Poglądy na temat wpływu kotów na otaczającą je przyrodę są bardzo podzielone. Organizacje zajmujące się ochroną przyrody biją na alarm i uważają za konieczne ograniczenie swobody kotom. Część właścicieli kotów czuje się odpowiedzialnymi za „spustoszenie” jakie w najbliższym środowisku czynią ich pupile, ale są też tacy, którzy nie godzą się na ograniczenie kocich swobód i dumnie opowiadają o łowności swojego zwierzęcia.
„Przeprowadzone ostatnio badanie metodologiczne, pozwoliło wyodrębnić pięć charakterystycznych punktów widzenia właścicieli kotów:
- zaniepokojeni opiekunowie – koncentrujący się przede wszystkim na bezpieczeństwie kotów,
- obrońcy wolności – stawiający na niezależność kotów i sprzeciwiający się jakimkolwiek ograniczeniom ich naturalnych zachowań,
- tolerancyjni strażnicy – uważający, że dostęp do środowiska zewnętrznego jest ważny dla kotów, ale niepopierający ich polowań,
- sumienni opiekunowie -czujący się odpowiedzialnymi za szkody, jakie koty wyrządzają polując,
- leseferyści – w dużej mierze nieświadomi problemów związanych z zachowaniami łowieckimi ich pupili”
– czytamy na serwisie PAP „Nauka w Polsce”.
Jedynym możliwym wyjściem z sytuacji wydaje się kompromis polegający na zapewnieniu kotom swobody korzystania ze spacerów na wolności i ochrony drobnej zwierzyny przed nimi. Wydaje się to dość nierealnym zadaniem.
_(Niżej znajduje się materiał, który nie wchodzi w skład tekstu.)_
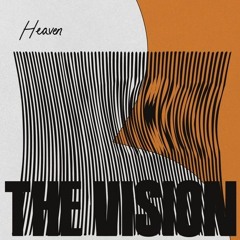 The Vision - Heaven  (Jonathan Tedesco rmx)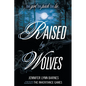 Raised by Wolves - Paperback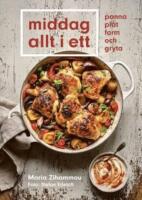 Middag allt i ett : panna, pl&aring;t, form och gryta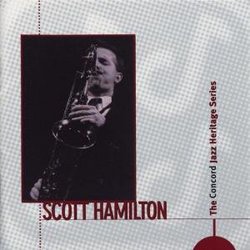 The Concord Jazz Heritage Series with Scott Hamilton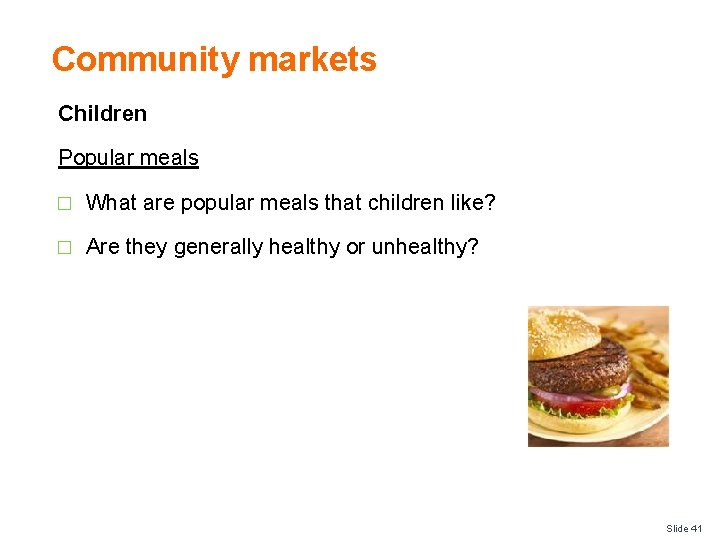 Community markets Children Popular meals � What are popular meals that children like? �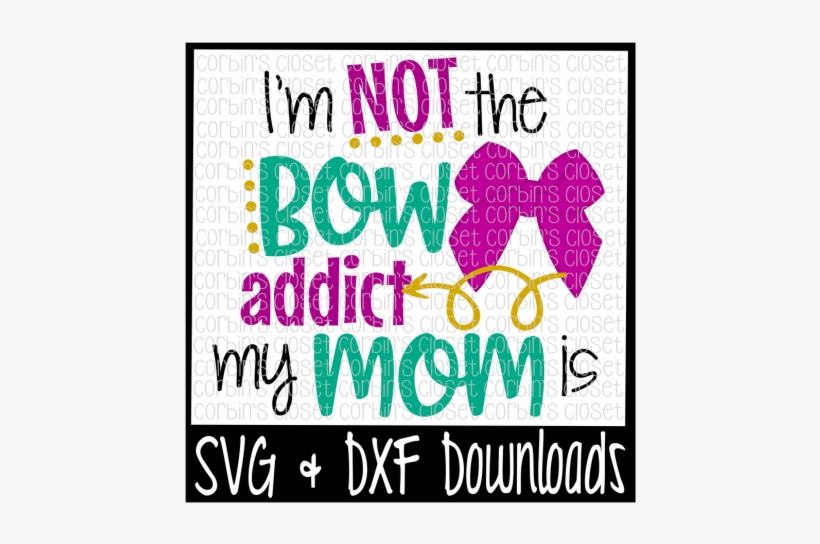 I'm Not The Bow Addict My Mom Is Cut File By Corbins - Peace Out 1st Grade, transparent png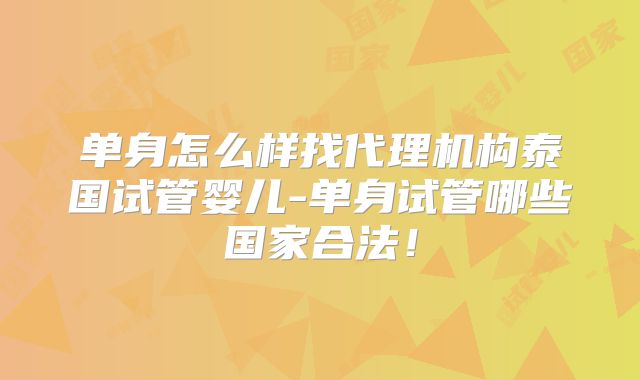 单身怎么样找代理机构泰国试管婴儿-单身试管哪些国家合法!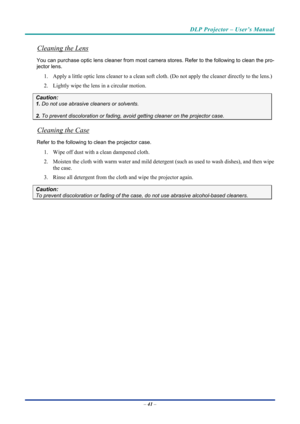 Page 50DLP Projector – User’s Manual 
 
 
–  41  – 
Cleaning the Lens 
You can purchase optic  lens cleaner from most camera stores . Refer to the following to clean the pro-
jector lens. 
1.   Apply a little optic lens cleaner to a clean soft cloth. (Do not apply the cleaner directly to the lens.) 
2.   Lightly wipe the lens in a circular motion. 
Caution: 
1. Do not use abrasive cleaners or solvents. 
2. To prevent discoloration  or fading, avoid getting cleaner on the projector case. 
Cleaning the Case...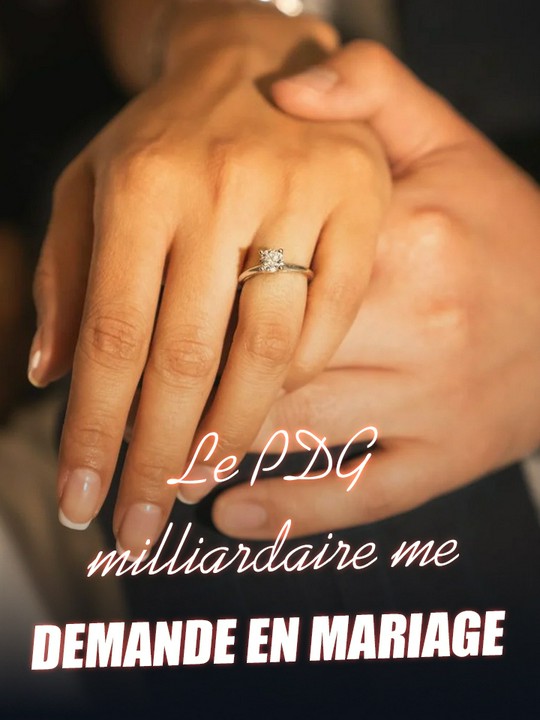 Le PDG milliardaire me demande en mariage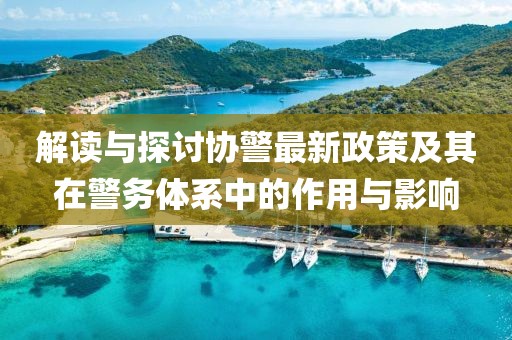 解讀與探討協(xié)警最新政策及其在警務(wù)體系中的作用與影響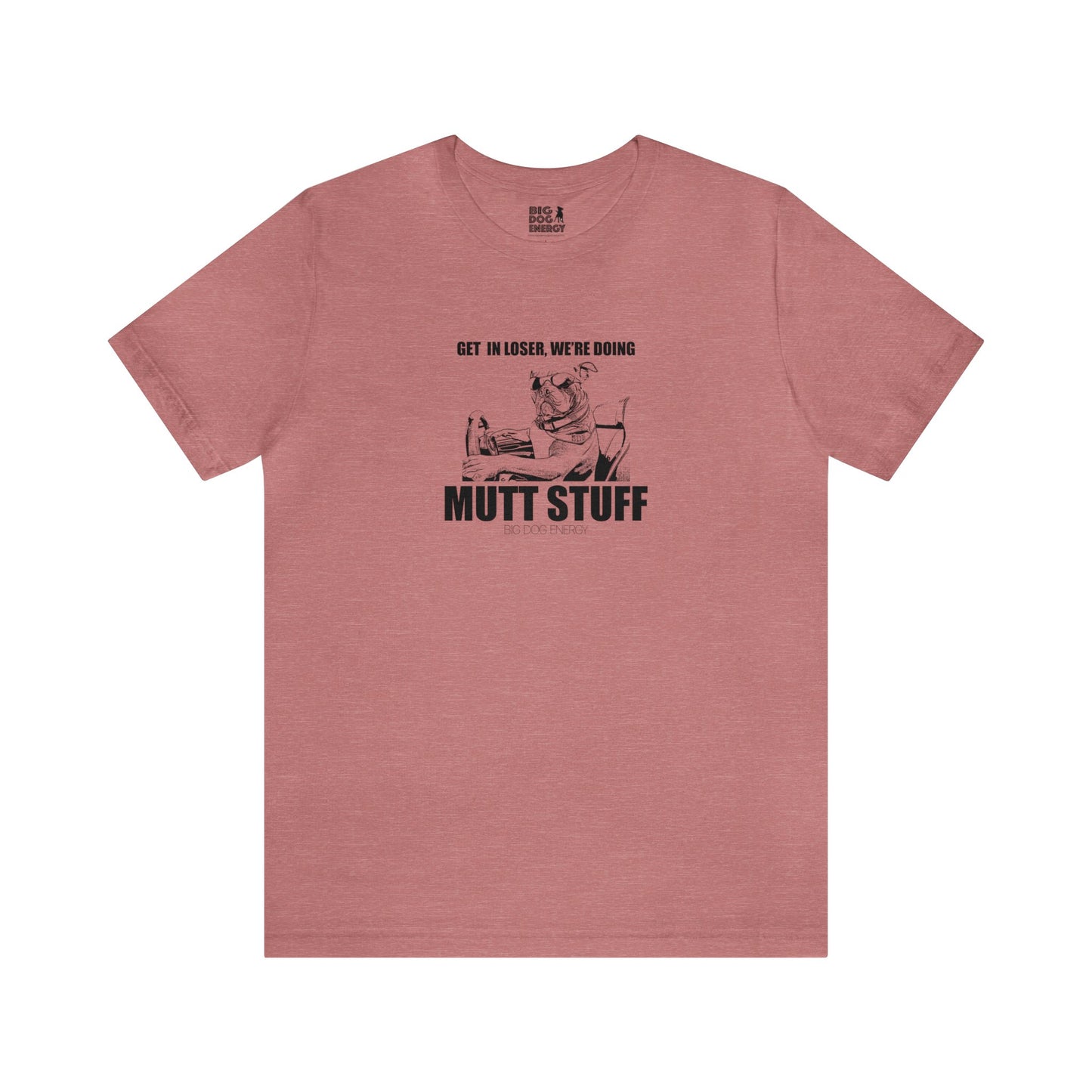 Get in Loser! | Unisex Jersey Short Sleeve Tee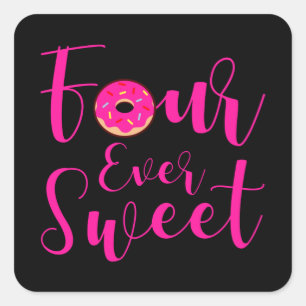 FOUR EVER SWEET 4 YEAR OLD 4th Birthday Girl Dough Square Sticker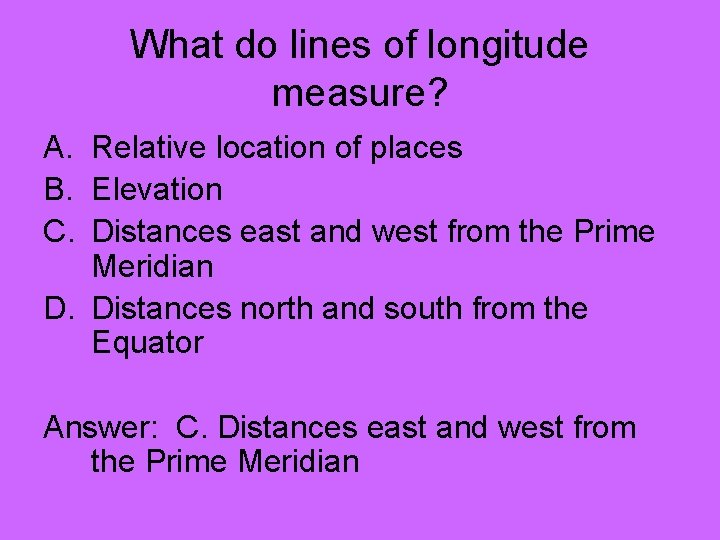 What do lines of longitude measure? A. Relative location of places B. Elevation C.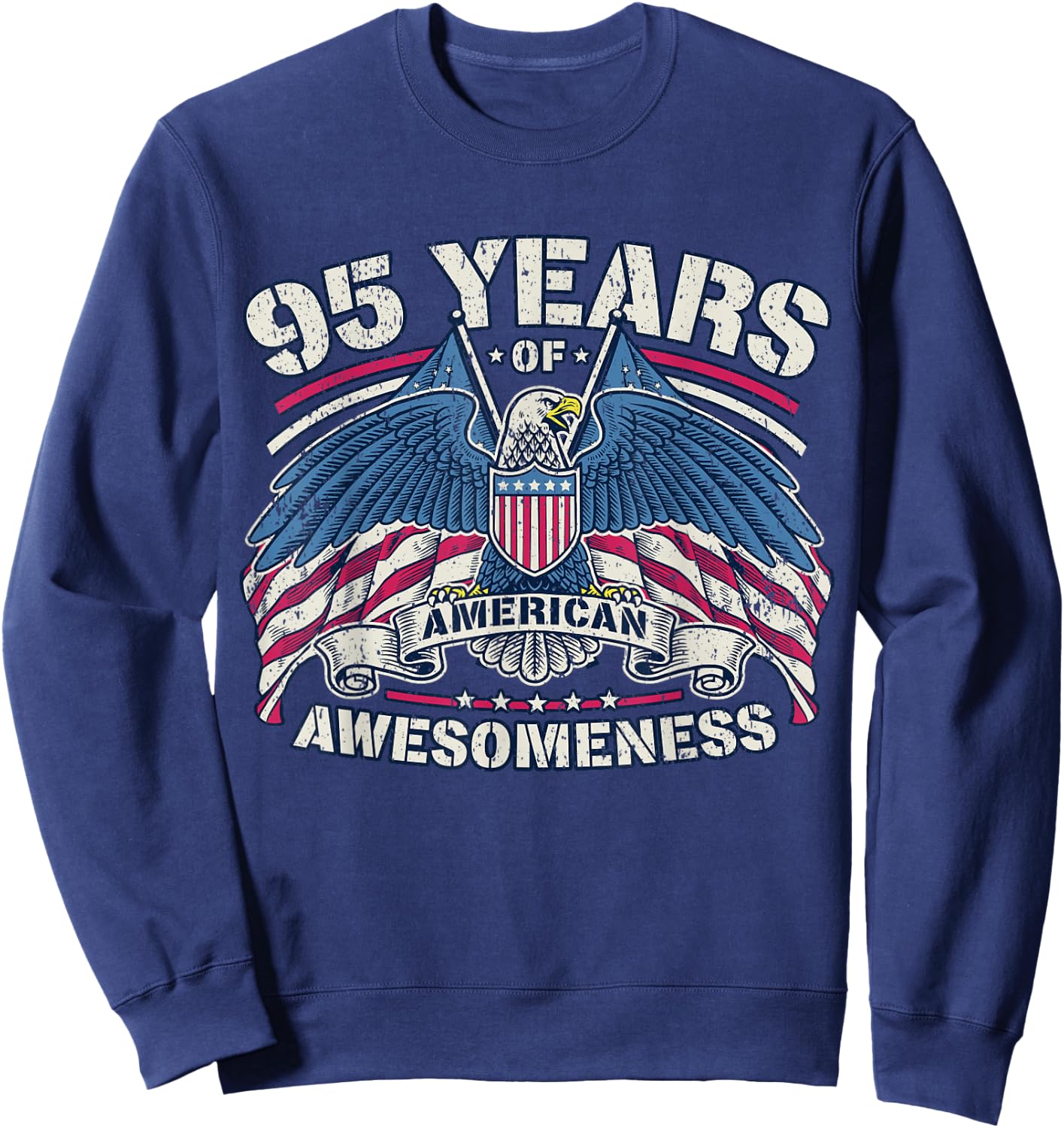Patriotic 95th Birthday USA I American Patriot 95 Years Sweatshirt - Sweatshirt | Navy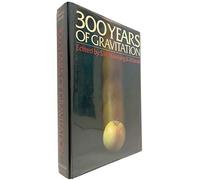 Three Hundred Years of Gravitation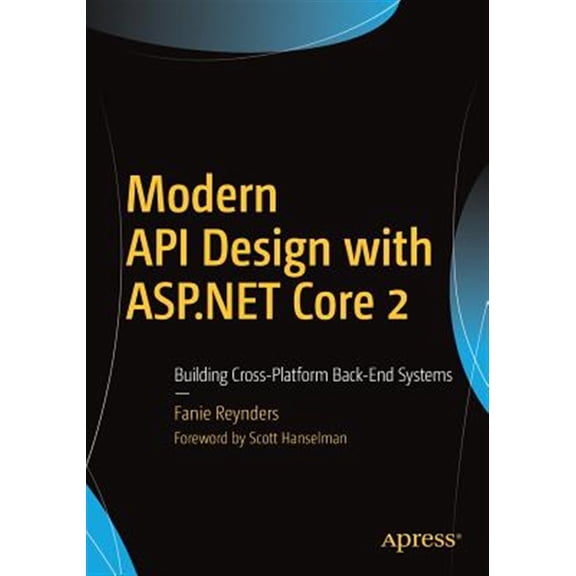 Pre-Owned Modern API Design with ASP.NET Core 2: Building Cross-Platform Back-End Systems Paperback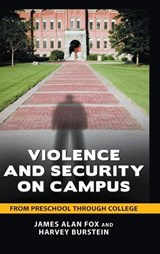 Violence and Security on Campus - James Alan Fox ; Harvey Burstein - 9780313362682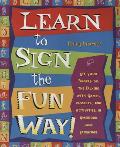 Learn to Sign the Fun Way Let Your Fingers Do the Talking with Games Puzzles & Activities in American Sign Language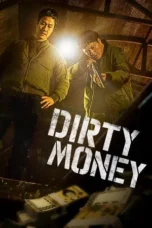 Film Online Dirty Money (2024) Sub Indo Film Online Dirty Money (2024) Sub Indo
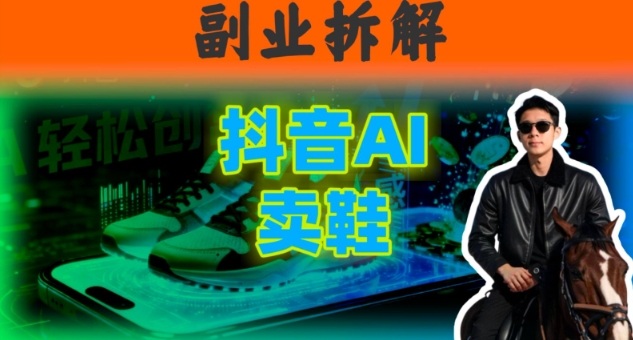 副业拆解:抖音AI卖鞋,不出镜不剪辑,他靠这个月入20个
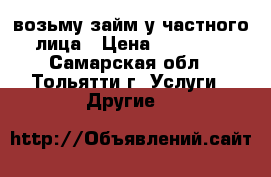 возьму займ у частного лица › Цена ­ 35 000 - Самарская обл., Тольятти г. Услуги » Другие   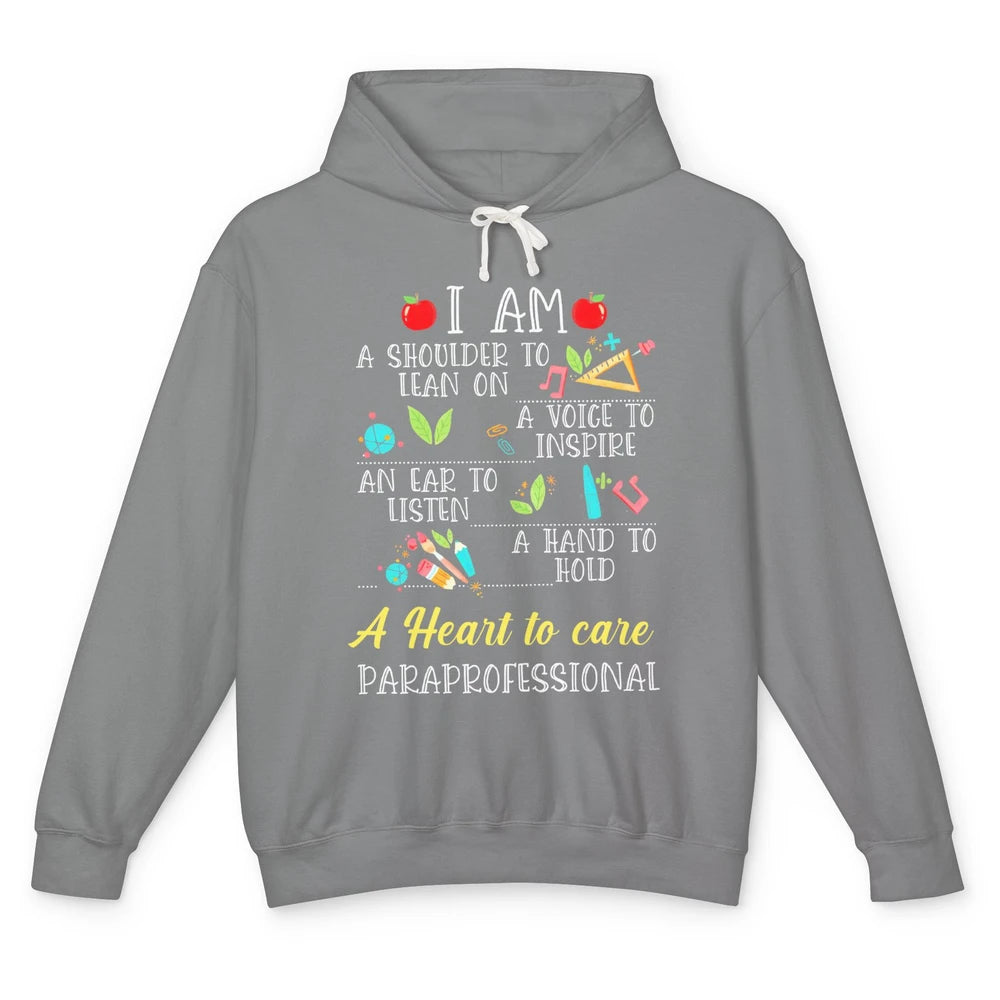 Paraprofessional Shoulder To Lean On Heart To Care Para Life Unisex Lightweight Hoodie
Firmy prześcigają się w pomysłach na zaradzenie temu problemowi. Powstają specjalne smycze dla kotów, obroże w ostrzegawczych dla ptaków kolorach czy dzwoneczki przy obrożach. Te ostatnie bardzo krytykowane są przez kocich behawiorystów.
– Odpowiednie interwencje mogą usprawnić działania na rzecz ochrony przyrody, utrzymać dobre samopoczucie kotów, a jednocześnie poprawić relacje między kotem a człowiekiem
– twierdzą brytyjscy naukowcy.
– Szczególnie ważne jest to w przypadku typu: tolerancyjnych strażników i sumiennych opiekunów. W tych dwóch grupach wyjątkowo ważne jest zmniejszenie wewnętrznego konfliktu, jaki rodzi się, kiedy zwierzę, które kochamy poluje na inne gatunki, na których także nam zależy
– czytamy na Naukawpolsce.pl
Pamiętajmy, koty to koty, za to je lubimy i nie możemy liczyć, że za pomocą zaklęć ich natura ulegnie zmianie.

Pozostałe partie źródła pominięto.